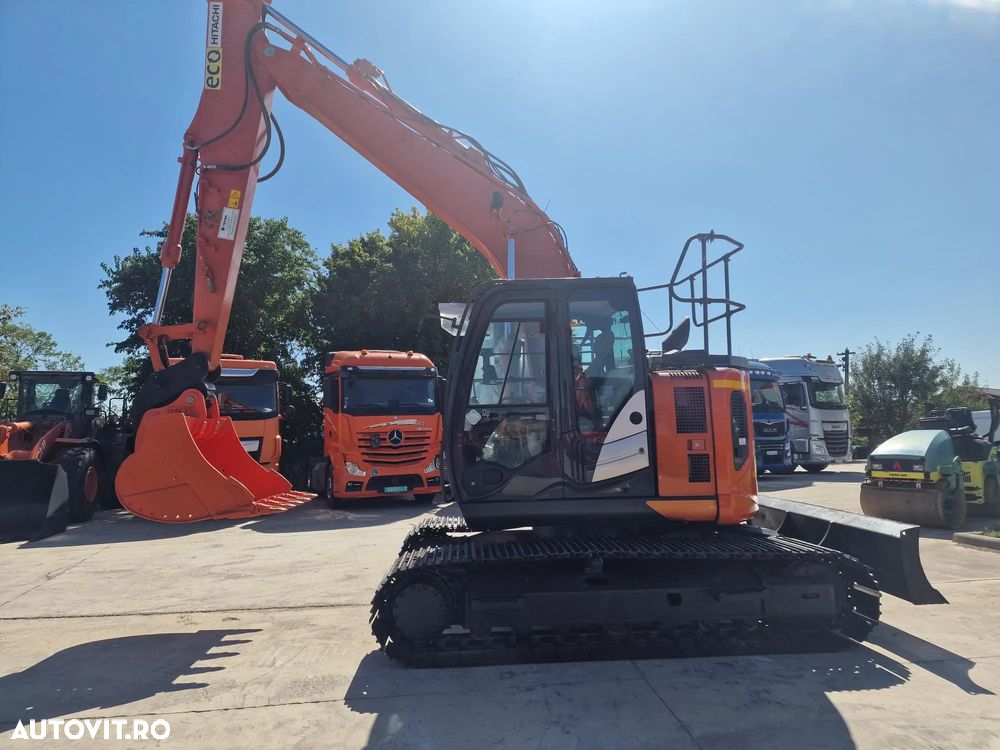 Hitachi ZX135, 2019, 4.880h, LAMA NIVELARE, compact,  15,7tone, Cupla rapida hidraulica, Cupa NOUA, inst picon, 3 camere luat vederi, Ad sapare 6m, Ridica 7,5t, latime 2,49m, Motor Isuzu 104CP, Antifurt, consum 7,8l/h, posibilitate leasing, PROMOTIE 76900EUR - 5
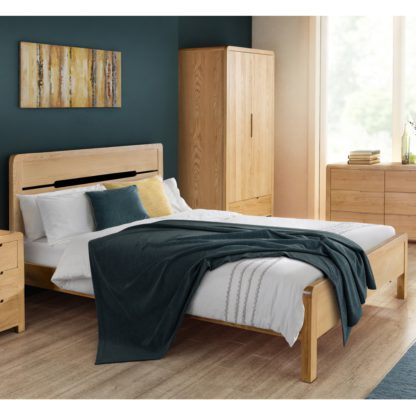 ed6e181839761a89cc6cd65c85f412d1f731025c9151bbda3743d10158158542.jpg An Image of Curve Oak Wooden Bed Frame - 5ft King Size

* * *

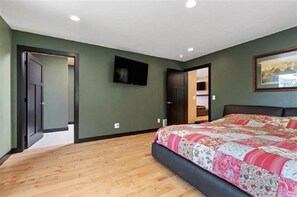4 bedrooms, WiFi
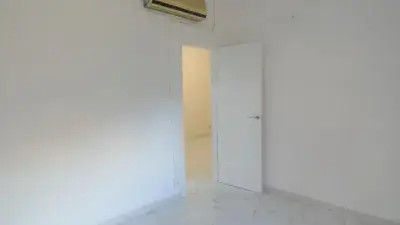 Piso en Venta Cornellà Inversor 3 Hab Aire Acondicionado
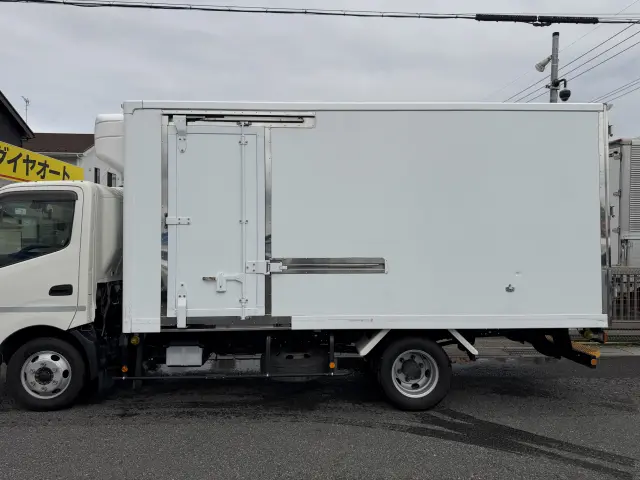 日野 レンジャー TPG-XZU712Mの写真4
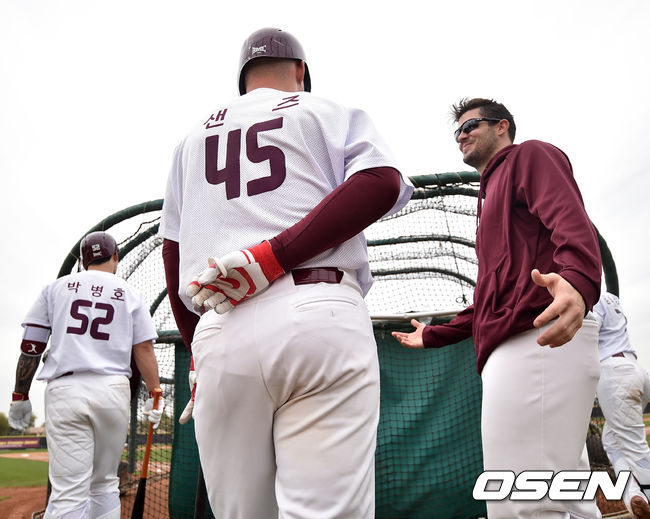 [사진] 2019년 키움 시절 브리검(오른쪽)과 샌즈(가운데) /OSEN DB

---

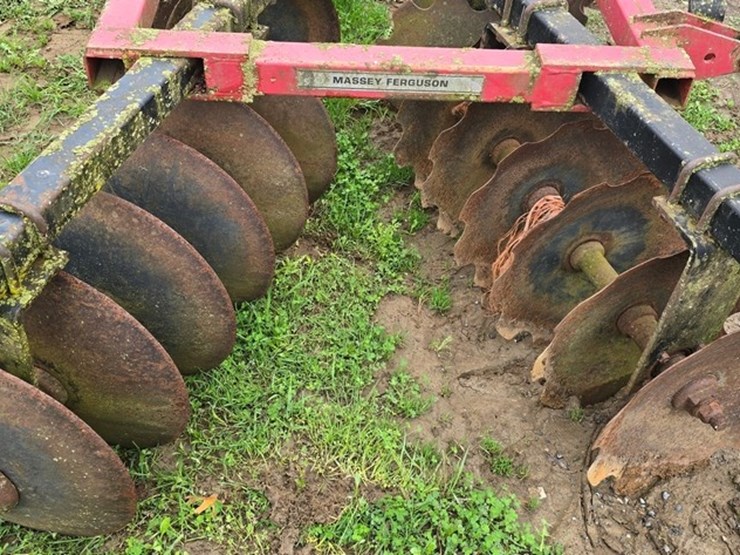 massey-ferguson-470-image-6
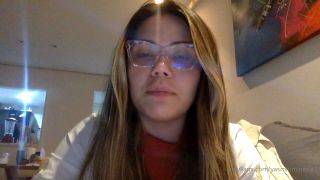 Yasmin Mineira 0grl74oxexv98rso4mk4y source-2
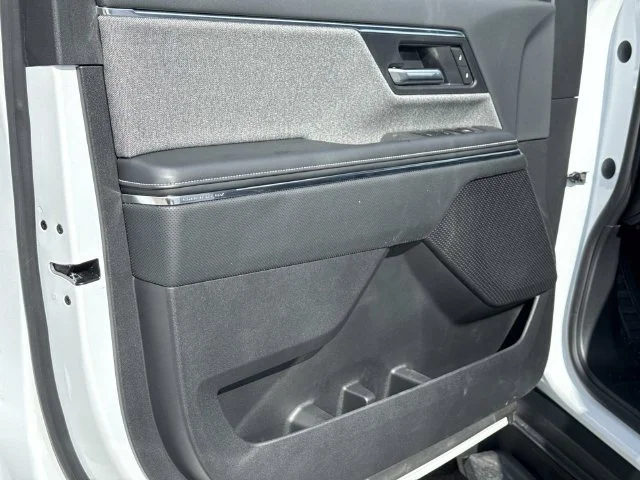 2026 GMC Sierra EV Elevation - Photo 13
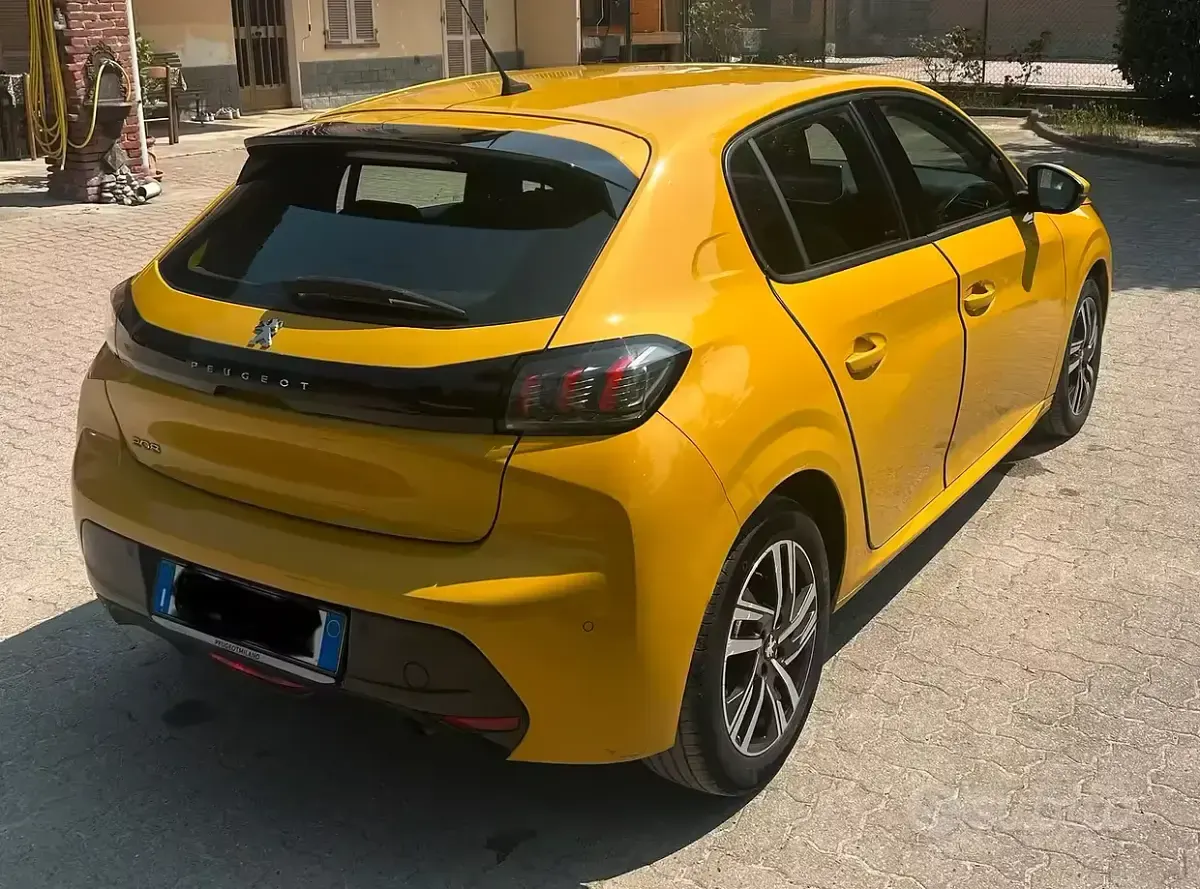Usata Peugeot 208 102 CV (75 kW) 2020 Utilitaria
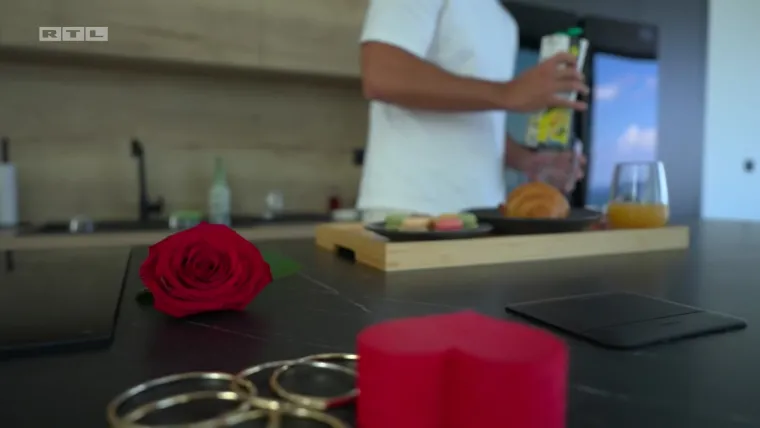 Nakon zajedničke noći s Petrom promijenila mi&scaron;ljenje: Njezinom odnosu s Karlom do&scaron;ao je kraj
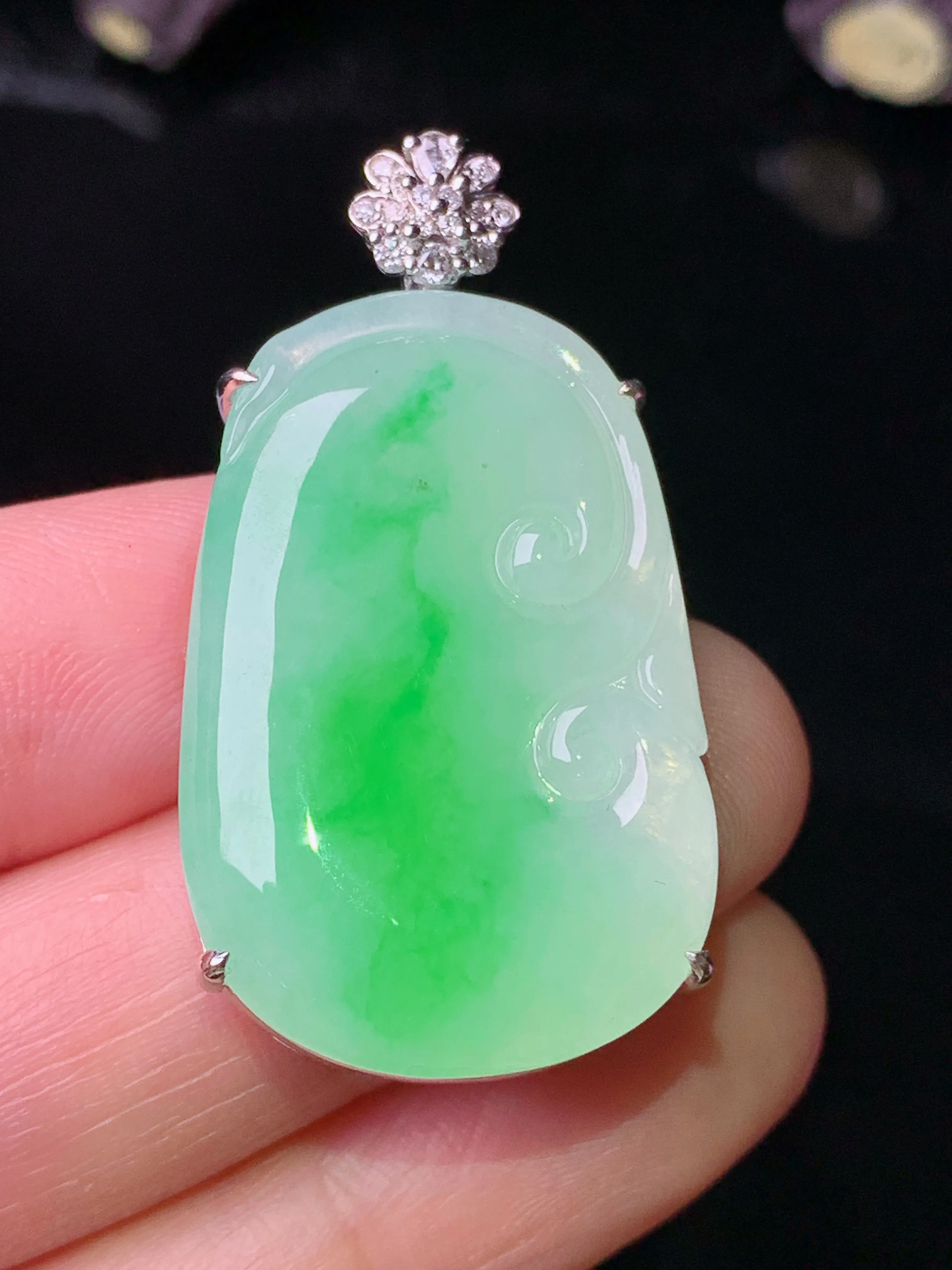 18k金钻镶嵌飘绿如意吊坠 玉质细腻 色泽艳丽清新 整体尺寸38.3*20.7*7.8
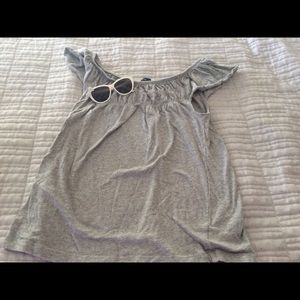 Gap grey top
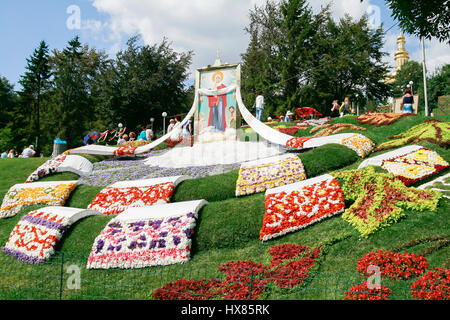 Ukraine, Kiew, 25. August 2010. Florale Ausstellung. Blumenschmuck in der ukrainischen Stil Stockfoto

PROBLEM STATEMENT:
Pictures excluded, transcribe the listing above exactly from the line with "Hitachi ZX135, 2019, 4.880h, LAMA" through the line with "5ft King Size", and no further.

ANSWER TO THIS PROBLEM:
 Hitachi ZX135, 2019, 4.880h, LAMA NIVELARE, compact,  15,7tone, Cupla rapida hidraulica, Cupa NOUA, inst picon, 3 camere luat vederi, Ad sapare 6m, Ridica 7,5t, latime 2,49m, Motor Isuzu 104CP, Antifurt, consum 7,8l/h, posibilitate leasing, PROMOTIE 76900EUR - 5
 ed6e181839761a89cc6cd65c85f412d1f731025c9151bbda3743d10158158542.jpg An Image of Curve Oak Wooden Bed Frame - 5ft King Size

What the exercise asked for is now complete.